**EXERCISE MATERIAL:**
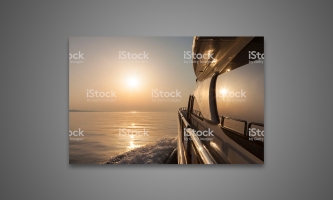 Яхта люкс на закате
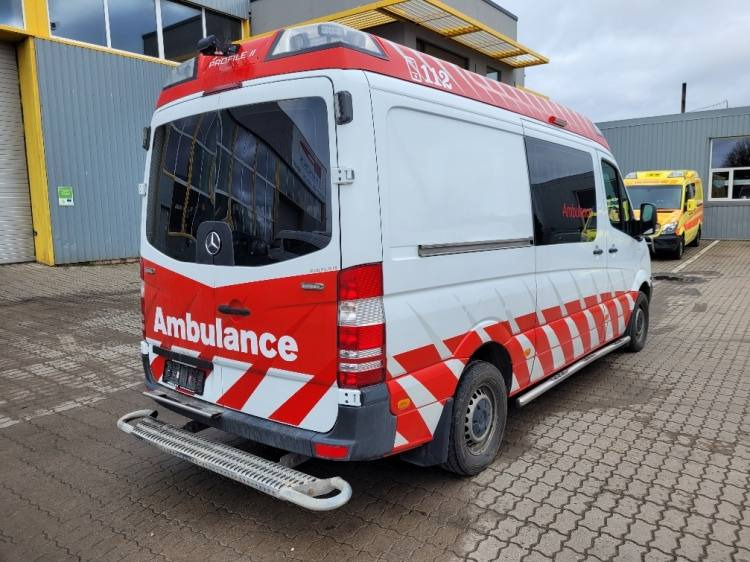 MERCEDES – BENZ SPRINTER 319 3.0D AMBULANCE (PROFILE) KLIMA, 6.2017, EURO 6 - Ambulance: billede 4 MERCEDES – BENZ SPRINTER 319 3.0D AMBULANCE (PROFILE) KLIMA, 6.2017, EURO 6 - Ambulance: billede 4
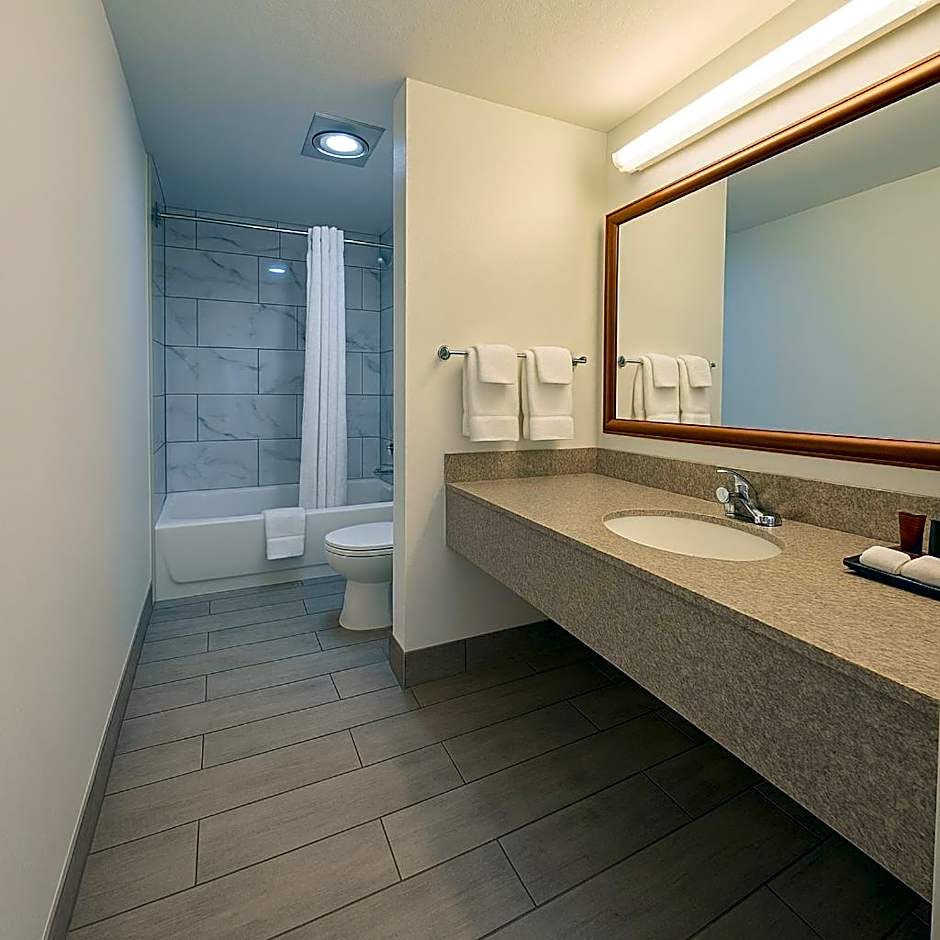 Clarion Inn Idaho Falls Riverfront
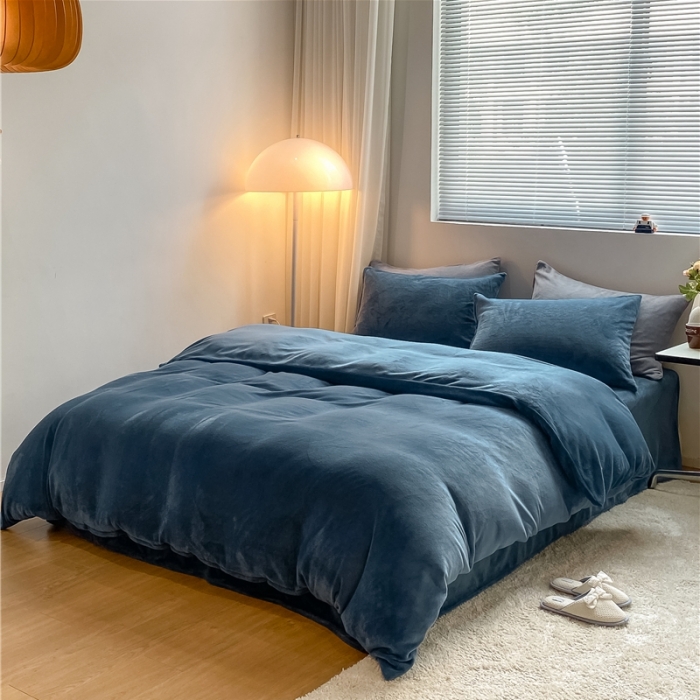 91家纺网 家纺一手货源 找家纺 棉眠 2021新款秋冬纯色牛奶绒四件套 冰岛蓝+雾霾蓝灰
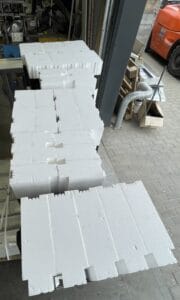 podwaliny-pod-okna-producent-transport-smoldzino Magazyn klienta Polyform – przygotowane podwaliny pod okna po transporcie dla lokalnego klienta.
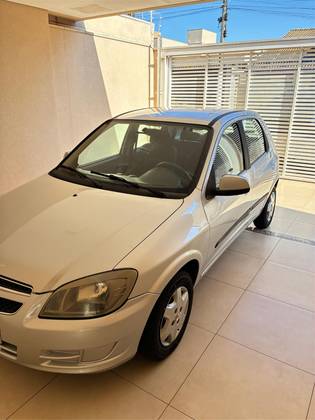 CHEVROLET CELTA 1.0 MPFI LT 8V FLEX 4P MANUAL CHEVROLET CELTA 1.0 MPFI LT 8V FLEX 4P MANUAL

* * *

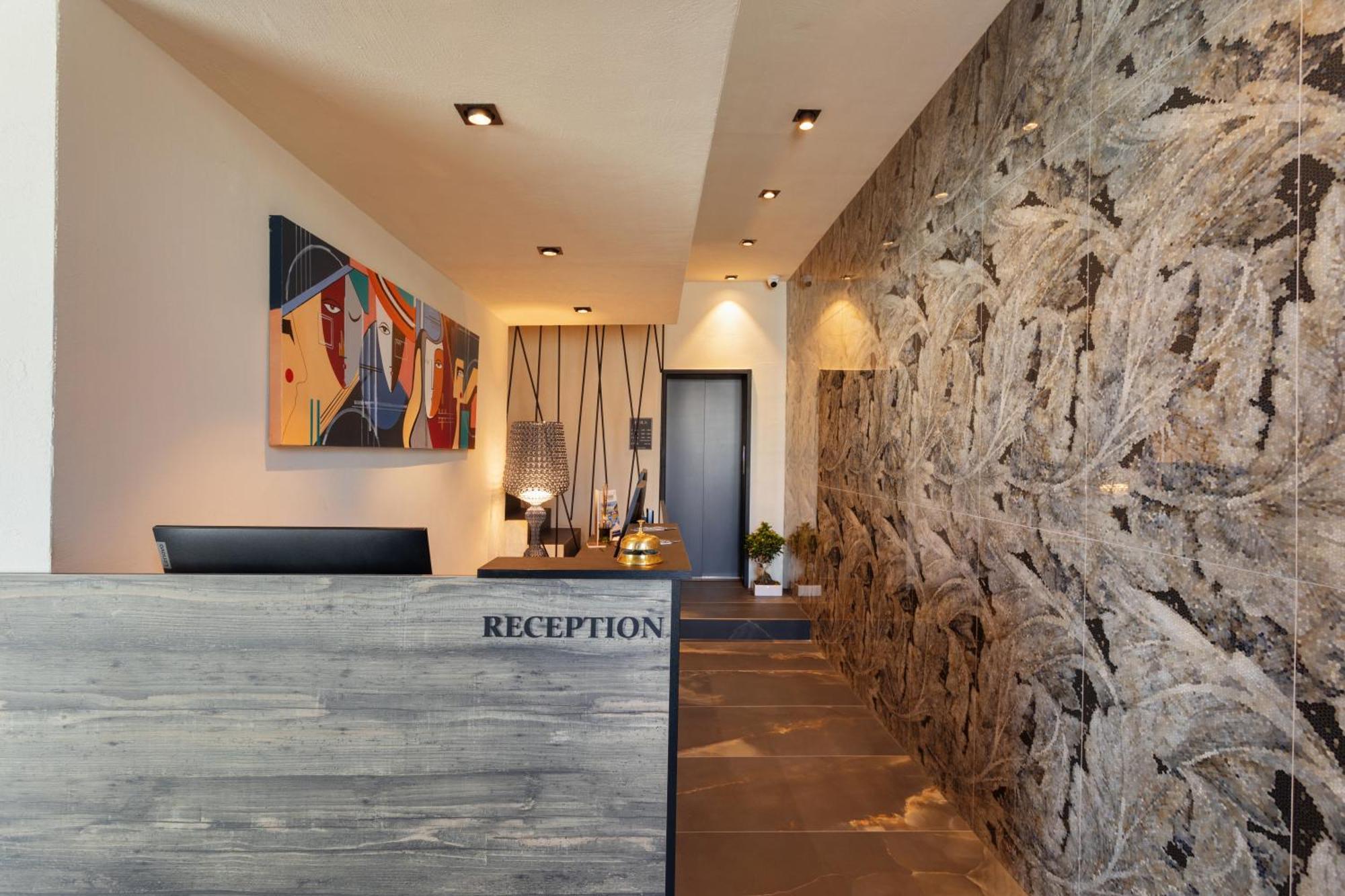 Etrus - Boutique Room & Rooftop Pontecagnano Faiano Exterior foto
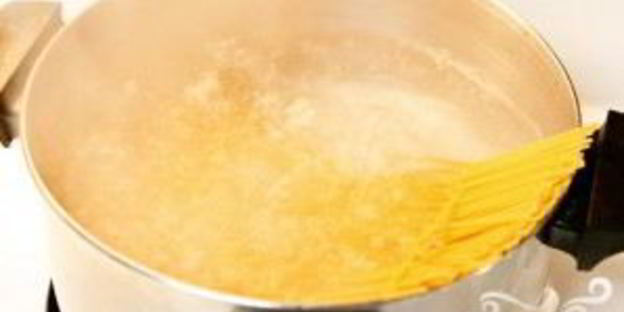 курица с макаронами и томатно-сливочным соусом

**ABOUT THIS EXERCISE:** Looking at the listing above, which lines run from the one containing "91家纺网 家纺一手货源 找家纺" through the one containing "CHEVROLET CELTA 1.0 MPFI LT 8V FLEX 4P MANUAL CHEVROLET"? Print exactly those, ends included, pictures excluded.

**WRITTEN REPLY:**
 91家纺网 家纺一手货源 找家纺 棉眠 2021新款秋冬纯色牛奶绒四件套 冰岛蓝+雾霾蓝灰
 podwaliny-pod-okna-producent-transport-smoldzino Magazyn klienta Polyform – przygotowane podwaliny pod okna po transporcie dla lokalnego klienta.
 CHEVROLET CELTA 1.0 MPFI LT 8V FLEX 4P MANUAL CHEVROLET CELTA 1.0 MPFI LT 8V FLEX 4P MANUAL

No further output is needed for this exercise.